Listen to this story
|
Researchers at Meta AI have created a new benchmark called CRAG (Comprehensive Retrieval-Augmented Generation Benchmark) to spur advancements in retrieval-augmented question answering systems that combine large language models with external knowledge sources.
The goal is to develop more reliable and trustworthy question answering capabilities that overcome hallucinations and knowledge gaps in today’s language models.
The CRAG benchmark consists of 4,409 question-answer pairs spanning finance, sports, music, movies, and general topics.
It includes diverse question types like comparisons, aggregations, multi-hop queries, and false premises. The dataset incorporates facts with varying dynamism from real-time to static, as well as varying entity popularity from head to long-tail.
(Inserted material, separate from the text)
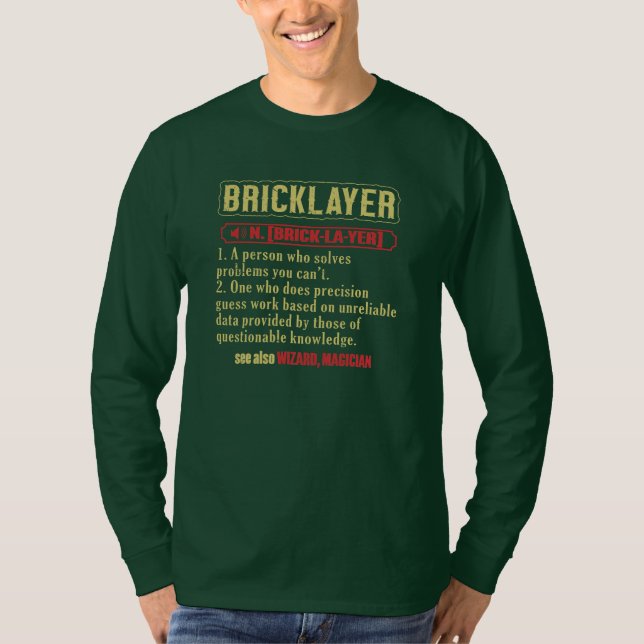 Brickie Bricklay Construction Brickayer  T Shirt (Framsida)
Crucially, CRAG provides mock web search results and APIs to simulate retrieving information from the internet and knowledge graphs. This allows benchmarking the full pipeline of retrieval, synthesis, and generation required for knowledge-grounded question answering.
Evaluations highlighted major gaps in current systems. The most advanced language models achieved only 34% accuracy on CRAG, while straightforward retrieval-augmentation improved this to just 44%.
Even industry-leading retrieval-augmented systems answered only 63% of questions without hallucinations, struggling especially with dynamic, long-tail, and complex queries.
“CRAG reveals the challenges in building fully trustworthy question answering systems that can reliably incorporate information from the real world,” said Xiao Yang, a research scientist at Meta AI and co-lead of the project. “We hope this benchmark spurs innovation and allows tracking progress toward this critical goal.”
The CRAG dataset formed the basis for the KDD Cup 2024 challenge hosted by Meta AI, attracting thousands of participants working to advance retrieval-augmented generation capabilities. The researchers plan to continue expanding and improving CRAG to push forward research in this area.